_WHAT TO DO_
Return all lines in the data where the string "with" can be found.

_EXCERPTED RECORDS_

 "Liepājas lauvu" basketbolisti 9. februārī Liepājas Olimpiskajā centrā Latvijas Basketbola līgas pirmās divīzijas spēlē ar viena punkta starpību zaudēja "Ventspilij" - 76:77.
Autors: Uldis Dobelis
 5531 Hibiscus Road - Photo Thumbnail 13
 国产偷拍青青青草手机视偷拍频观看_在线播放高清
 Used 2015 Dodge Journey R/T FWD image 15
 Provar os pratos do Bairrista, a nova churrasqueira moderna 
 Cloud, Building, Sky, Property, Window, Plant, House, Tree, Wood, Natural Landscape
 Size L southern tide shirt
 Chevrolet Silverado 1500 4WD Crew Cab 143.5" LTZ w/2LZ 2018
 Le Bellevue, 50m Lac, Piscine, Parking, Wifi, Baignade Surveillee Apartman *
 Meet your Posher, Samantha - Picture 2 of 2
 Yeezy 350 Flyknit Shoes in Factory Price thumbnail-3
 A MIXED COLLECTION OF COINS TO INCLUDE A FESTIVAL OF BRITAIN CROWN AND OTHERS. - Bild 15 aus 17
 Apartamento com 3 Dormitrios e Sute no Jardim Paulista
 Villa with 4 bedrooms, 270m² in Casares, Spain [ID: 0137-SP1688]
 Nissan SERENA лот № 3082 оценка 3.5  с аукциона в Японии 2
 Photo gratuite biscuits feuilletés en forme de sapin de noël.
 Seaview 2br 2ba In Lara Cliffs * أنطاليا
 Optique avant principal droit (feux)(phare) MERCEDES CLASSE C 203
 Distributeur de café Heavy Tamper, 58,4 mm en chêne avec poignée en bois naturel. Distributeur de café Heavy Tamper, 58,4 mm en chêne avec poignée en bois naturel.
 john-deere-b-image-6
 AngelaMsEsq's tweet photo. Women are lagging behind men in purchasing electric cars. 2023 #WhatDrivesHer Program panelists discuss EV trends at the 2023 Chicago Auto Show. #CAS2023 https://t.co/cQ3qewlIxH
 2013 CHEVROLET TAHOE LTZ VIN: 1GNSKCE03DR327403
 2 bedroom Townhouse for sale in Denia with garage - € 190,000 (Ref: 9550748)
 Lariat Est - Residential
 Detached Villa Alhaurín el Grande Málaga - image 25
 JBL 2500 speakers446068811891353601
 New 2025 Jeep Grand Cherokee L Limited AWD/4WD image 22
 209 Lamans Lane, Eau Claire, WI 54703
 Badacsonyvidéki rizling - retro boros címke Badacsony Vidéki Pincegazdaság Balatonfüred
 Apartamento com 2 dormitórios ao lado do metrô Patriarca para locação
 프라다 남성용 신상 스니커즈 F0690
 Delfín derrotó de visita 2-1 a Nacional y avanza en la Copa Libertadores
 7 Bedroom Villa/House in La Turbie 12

_ANSWER TO THIS EXERCISE_
 Villa with 4 bedrooms, 270m² in Casares, Spain [ID: 0137-SP1688]
 2 bedroom Townhouse for sale in Denia with garage - € 190,000 (Ref: 9550748)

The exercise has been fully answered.